• [What to do] Begin at the line containing "Sudadera negra con" in the entries below and end at the line containing "A jar of mulled wine with cranberries."; transcribe that range exactly and nothing outside it.

• [Record excerpts]
_____
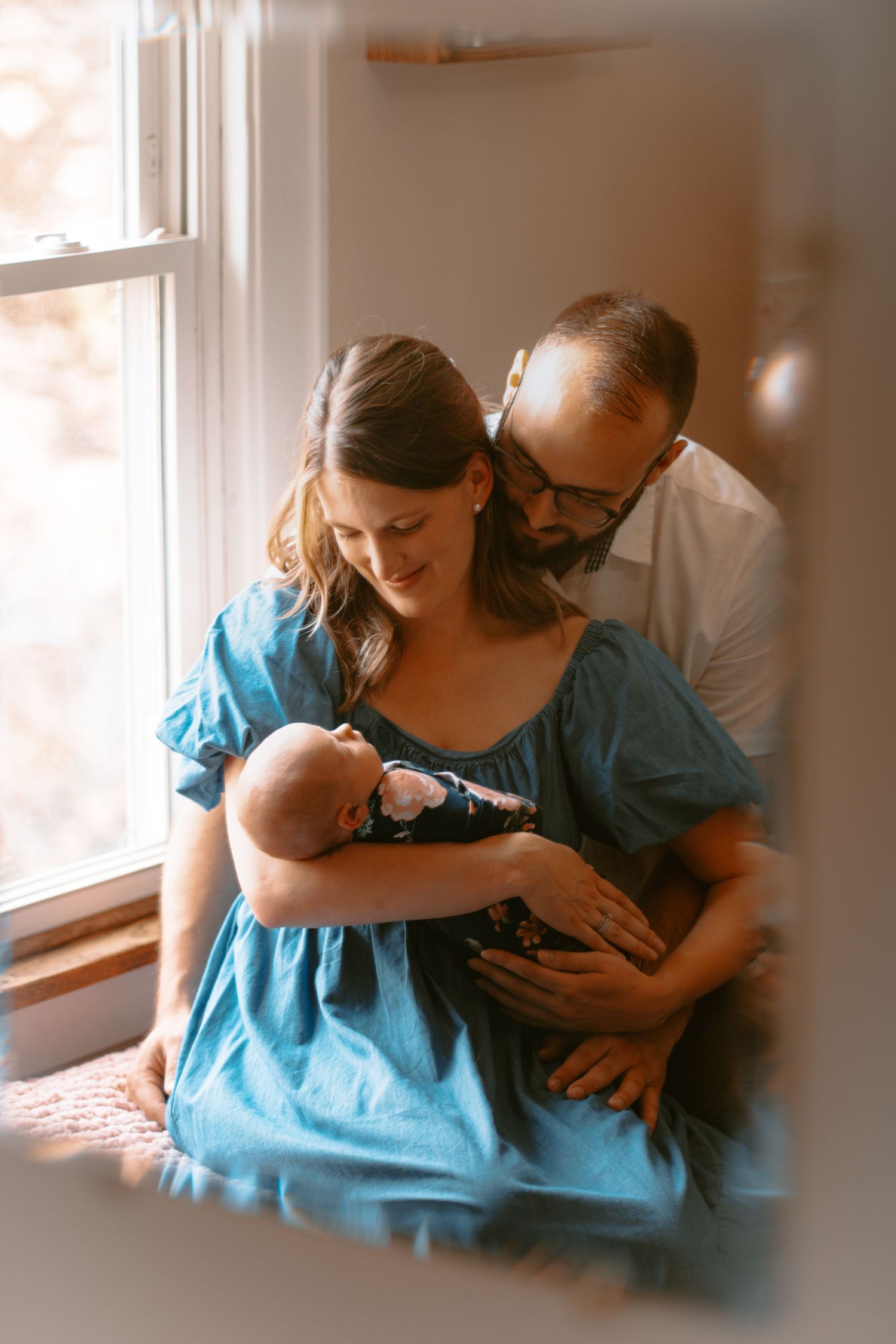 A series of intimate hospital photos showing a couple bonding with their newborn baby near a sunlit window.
_____
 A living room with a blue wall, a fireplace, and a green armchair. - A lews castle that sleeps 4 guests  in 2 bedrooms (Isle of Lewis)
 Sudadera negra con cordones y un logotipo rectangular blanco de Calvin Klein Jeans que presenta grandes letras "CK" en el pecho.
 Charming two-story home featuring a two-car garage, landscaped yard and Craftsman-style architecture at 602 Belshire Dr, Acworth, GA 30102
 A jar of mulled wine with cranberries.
_____
• [Problem solution]
 Sudadera negra con cordones y un logotipo rectangular blanco de Calvin Klein Jeans que presenta grandes letras "CK" en el pecho.
 Charming two-story home featuring a two-car garage, landscaped yard and Craftsman-style architecture at 602 Belshire Dr, Acworth, GA 30102
 A jar of mulled wine with cranberries.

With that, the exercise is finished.